Monday, Oct. 30, 1995
WHEN ART REDEEMS LIFE
By RICHARD CORLISS
STARDOM CAN OFFER AIRTIGHT INsulation from reality. From the fact that he is famous, a celebrity too often creates the fiction that he is revered. O.J. Simpson, for instance, translated an acquittal verdict by 12 jurors into the claim that most Americans really believe he's innocent. And Woody Allen, who three years ago was show biz's most notorious middle-age male, keeps making movies whose plots reflect, excuse and promote his lustlorn escapades. Both guys are fallen idols who have trouble understanding what all the fuss was about. They want America to take an amnesia pill so they can get back to their work: being loved in public.
We don't for a moment equate capital crimes with romantic misdemeanors. Still, there's something icky in Allen's compulsion to write scripts about fiftysomething guys ready to dump their wives for nubile waifs the approximate age of Soon-Yi Farrow Previn. This is the plot of Allen's 1992 Husbands and Wives, of his brutally funny playlet in the off-Broadway Death Defying Acts, and of his exasperating, finally engaging new film, Mighty Aphrodite.
Here he's Lenny Weinrib, a sportswriter with a pretty, peckish wife (Helena Bonham Carter) and, to his joy, a five-year-old adopted son Max. Curious about the boy's lineage, Lenny finds Max's natural mom, Linda (Mira Sorvino), a prostitute who also does porn work. How can this lost soul, with her Vargas body and "state-of-the-art fellatrics," be the wellspring of a brilliant child? Lenny must save this creature, for Max and from herself. His anguished pursuit of Linda, in which he tries mating her with a dim boxer (Michael Rapaport), is tracked by a Greek chorus that's all singing, all dancing and so Yiddish you could plotz. "I see catastrophe," one chorus member darkly intones. "Worse--I see lawyers."
More perilous still, we see Allen re-writing his tabloid sins at an age (he'll be 60 this year) when he looks like a pensive Rumpelstiltskin; boyish roguery ill suits him. In TV revivals of Broadway farces, he plays crabby geezers: the tourist with tsuris in Don't Drink the Water, a decrepit comic in a new version of The Sunshine Boys. Yet in his films Allen is the Woody of old--or, rather, of young. To Lenny, the raw, vibrant Linda makes Amanda seem stale and shrewish. Bonham Carter (who's a radiant 29 and certainly doesn't look shrewish) must play that standard Woody marplot, the older woman. Sure, Linda's got the screwball charm of the early Judy Holliday, but does every Allen superbabe have to be born yesterday?
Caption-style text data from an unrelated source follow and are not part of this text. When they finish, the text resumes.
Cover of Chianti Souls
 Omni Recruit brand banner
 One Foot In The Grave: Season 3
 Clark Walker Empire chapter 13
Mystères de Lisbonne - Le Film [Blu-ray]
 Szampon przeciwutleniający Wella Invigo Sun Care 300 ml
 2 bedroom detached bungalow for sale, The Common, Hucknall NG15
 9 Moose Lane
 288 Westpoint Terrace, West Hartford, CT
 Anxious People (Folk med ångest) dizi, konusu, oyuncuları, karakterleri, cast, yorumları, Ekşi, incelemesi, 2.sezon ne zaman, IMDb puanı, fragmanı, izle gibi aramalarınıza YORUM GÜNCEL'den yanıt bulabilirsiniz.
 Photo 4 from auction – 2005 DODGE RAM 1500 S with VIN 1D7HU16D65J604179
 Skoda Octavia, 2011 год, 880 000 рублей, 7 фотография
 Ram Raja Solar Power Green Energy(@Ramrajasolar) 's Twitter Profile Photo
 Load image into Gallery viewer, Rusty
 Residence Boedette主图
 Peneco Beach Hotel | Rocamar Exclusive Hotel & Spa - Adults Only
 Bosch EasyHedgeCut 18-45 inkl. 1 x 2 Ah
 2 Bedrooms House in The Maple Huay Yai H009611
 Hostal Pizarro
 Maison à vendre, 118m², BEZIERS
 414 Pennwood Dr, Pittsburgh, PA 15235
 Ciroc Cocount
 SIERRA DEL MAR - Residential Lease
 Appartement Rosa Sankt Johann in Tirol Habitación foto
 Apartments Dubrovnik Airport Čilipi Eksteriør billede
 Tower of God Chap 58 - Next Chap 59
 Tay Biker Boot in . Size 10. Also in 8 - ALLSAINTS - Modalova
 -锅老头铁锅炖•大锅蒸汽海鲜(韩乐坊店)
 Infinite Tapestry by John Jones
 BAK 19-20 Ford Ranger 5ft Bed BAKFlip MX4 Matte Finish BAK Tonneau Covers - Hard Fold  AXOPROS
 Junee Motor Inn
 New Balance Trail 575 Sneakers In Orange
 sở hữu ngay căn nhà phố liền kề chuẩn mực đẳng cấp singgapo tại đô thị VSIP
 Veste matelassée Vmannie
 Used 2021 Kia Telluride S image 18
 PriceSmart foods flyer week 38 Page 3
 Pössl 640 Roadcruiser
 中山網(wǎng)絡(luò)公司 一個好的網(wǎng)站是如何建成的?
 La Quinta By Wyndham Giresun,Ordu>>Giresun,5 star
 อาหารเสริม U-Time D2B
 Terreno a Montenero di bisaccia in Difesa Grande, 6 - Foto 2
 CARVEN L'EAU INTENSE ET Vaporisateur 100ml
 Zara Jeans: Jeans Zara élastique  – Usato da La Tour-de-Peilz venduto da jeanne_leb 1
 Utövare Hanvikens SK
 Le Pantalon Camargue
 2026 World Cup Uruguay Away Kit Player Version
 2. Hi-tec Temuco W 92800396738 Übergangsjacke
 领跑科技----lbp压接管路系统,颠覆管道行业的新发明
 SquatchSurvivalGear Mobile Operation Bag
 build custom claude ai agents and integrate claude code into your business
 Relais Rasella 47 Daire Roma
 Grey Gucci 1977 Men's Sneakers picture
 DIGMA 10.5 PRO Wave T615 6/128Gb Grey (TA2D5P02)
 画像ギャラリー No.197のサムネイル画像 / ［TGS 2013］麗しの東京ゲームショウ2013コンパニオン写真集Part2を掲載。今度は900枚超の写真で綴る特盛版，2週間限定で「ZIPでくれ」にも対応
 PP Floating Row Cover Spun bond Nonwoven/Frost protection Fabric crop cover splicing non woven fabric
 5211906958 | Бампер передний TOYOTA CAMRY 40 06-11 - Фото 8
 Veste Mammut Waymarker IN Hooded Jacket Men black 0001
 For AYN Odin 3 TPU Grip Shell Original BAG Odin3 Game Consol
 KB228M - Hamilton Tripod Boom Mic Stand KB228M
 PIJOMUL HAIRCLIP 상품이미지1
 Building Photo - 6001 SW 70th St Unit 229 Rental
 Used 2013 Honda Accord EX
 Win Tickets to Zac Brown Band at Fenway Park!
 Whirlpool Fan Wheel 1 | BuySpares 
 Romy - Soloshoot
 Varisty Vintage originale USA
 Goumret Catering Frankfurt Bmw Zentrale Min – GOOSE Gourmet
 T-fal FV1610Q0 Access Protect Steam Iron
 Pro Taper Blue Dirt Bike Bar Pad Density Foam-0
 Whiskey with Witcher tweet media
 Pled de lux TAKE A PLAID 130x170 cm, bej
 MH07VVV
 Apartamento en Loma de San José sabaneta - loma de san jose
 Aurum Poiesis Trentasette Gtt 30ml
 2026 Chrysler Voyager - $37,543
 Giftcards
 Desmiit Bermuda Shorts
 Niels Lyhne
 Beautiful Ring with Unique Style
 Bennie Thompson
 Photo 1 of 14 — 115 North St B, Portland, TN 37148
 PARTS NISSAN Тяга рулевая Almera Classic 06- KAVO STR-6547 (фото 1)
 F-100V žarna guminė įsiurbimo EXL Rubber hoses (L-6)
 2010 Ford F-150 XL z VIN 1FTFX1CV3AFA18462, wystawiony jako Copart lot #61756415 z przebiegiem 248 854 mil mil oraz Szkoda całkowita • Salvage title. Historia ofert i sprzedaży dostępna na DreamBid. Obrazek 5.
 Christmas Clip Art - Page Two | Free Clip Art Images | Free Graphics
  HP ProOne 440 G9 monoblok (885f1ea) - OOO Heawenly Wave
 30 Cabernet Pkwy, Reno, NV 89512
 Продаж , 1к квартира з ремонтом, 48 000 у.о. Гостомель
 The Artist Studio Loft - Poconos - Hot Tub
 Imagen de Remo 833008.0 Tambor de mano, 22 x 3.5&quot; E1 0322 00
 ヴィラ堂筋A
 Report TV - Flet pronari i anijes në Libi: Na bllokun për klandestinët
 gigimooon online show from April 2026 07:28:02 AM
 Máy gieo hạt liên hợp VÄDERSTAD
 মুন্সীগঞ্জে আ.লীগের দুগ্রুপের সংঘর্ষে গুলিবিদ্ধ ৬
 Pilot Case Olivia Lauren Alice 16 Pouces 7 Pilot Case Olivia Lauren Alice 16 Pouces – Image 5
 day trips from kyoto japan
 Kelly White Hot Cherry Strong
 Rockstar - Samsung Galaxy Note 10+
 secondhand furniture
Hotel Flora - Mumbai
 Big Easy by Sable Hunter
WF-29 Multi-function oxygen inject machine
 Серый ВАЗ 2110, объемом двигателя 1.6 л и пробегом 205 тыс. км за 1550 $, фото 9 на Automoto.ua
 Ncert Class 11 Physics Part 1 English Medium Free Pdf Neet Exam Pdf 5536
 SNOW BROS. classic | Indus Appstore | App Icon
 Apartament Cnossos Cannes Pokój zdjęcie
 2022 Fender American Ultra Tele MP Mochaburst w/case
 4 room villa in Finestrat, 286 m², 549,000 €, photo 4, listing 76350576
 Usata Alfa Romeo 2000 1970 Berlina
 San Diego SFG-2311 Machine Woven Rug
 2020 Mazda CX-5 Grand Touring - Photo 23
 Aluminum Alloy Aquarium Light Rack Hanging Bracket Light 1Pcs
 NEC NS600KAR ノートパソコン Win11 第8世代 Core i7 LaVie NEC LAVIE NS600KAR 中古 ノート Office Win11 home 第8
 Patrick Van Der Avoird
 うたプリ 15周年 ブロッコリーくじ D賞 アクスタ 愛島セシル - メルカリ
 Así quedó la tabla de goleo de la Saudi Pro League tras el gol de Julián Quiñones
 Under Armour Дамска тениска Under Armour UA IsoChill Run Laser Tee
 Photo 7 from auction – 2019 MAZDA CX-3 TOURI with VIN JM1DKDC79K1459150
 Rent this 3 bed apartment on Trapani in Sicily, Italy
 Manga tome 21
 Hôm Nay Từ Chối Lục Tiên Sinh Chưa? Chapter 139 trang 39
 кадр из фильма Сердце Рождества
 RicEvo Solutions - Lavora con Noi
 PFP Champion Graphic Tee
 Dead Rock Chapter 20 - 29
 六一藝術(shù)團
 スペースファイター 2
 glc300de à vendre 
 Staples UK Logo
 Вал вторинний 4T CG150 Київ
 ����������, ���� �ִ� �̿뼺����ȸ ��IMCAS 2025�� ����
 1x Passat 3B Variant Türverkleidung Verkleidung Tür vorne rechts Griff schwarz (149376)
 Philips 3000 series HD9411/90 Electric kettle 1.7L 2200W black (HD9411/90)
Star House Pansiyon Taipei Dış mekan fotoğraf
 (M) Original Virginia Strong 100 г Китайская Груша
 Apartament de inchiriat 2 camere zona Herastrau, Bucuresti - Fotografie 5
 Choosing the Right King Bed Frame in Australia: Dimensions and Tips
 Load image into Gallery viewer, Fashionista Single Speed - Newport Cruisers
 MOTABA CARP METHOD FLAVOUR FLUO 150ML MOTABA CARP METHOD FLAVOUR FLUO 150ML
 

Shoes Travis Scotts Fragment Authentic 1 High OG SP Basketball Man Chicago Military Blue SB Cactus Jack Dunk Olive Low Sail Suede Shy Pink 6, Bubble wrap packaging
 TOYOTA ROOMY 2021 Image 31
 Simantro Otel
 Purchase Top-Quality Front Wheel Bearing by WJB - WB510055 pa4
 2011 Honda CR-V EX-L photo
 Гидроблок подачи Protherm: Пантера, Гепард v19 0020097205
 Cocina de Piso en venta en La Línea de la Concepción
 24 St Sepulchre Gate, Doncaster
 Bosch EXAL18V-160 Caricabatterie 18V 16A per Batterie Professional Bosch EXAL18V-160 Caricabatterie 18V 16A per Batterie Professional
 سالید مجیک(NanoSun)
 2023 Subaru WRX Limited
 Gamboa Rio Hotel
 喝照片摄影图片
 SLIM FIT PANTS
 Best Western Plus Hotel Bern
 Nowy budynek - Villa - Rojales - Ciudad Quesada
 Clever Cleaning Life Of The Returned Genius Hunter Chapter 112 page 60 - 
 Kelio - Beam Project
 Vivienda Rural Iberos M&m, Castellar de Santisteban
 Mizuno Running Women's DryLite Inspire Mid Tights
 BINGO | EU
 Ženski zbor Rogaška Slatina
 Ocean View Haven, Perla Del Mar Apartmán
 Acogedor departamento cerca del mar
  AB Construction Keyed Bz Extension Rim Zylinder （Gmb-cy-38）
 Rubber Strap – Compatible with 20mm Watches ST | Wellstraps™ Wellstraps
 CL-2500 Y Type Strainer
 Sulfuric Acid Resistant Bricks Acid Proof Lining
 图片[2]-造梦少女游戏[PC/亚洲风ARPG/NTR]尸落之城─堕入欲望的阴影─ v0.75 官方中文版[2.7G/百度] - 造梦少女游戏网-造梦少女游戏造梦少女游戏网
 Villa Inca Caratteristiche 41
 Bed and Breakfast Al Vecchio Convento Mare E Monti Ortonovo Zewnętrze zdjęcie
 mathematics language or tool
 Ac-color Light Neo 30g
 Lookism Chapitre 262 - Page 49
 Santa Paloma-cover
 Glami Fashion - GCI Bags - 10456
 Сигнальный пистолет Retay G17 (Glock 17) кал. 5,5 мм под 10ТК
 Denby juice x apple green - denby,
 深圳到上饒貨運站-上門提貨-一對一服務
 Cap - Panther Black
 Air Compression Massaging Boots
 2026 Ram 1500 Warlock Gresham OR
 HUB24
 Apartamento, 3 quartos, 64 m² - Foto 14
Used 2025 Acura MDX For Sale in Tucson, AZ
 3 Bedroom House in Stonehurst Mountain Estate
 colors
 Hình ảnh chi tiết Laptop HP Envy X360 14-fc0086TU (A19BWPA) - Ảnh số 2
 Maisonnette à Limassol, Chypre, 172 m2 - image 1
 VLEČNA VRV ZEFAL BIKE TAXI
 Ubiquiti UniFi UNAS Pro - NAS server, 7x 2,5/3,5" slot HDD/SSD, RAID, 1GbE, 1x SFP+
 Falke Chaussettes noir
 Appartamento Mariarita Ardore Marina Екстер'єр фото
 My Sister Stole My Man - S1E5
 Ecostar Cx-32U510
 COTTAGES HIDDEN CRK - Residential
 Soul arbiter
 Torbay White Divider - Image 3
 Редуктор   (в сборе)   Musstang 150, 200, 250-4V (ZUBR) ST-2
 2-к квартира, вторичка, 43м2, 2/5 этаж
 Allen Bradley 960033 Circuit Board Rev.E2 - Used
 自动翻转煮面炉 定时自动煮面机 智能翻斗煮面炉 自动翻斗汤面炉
And can't Amanda be more than a grab bag of weaknesses? Poor trite thing: she's bored by Lenny's name games and love play. She insists on adopting a child, then all but ignores him. ("I'm the boss," Lenny insists to Max. "Mommy's only the decision maker.") And she cheats on Lenny before he can on her. Her dalliance is a betrayal; his is a quest. Once again Allen's take on marriage is biased and bleak; he sees it as a prison for two, where the condemned may finally rise to a level of reciprocal pity. They achieve awareness by admitting defeat.
Fortunately, Allen eventually dumps the wife stuff to concentrate on one of his classic characters: Linda, whom Sorvino wonderfully incarnates with a weenie voice and a brassy poignancy. The distracting visual trope of Allen's last few movies--that virtually every scene, no matter how long, must be filmed in one shot with a very fidgety camera--pays off in the first meeting of Lenny and Linda; the comic tension is deliciously built and sustained. And when the chorus breaks into some dreamy Cole Porter harmonies as background to an unlikely amour, the goofiness is almost magical.
The suspicion lingers that Woody Allen deserves a good spanking, and not from a prostitute with a heart of gold. But, listen: humor and sentiment can triumph over stern morality any day. Once the picture gets going, it reminds us that Allen is also an artist with an acute feel for movie romance. So scruples be damned. This time, Mighty makes all righty.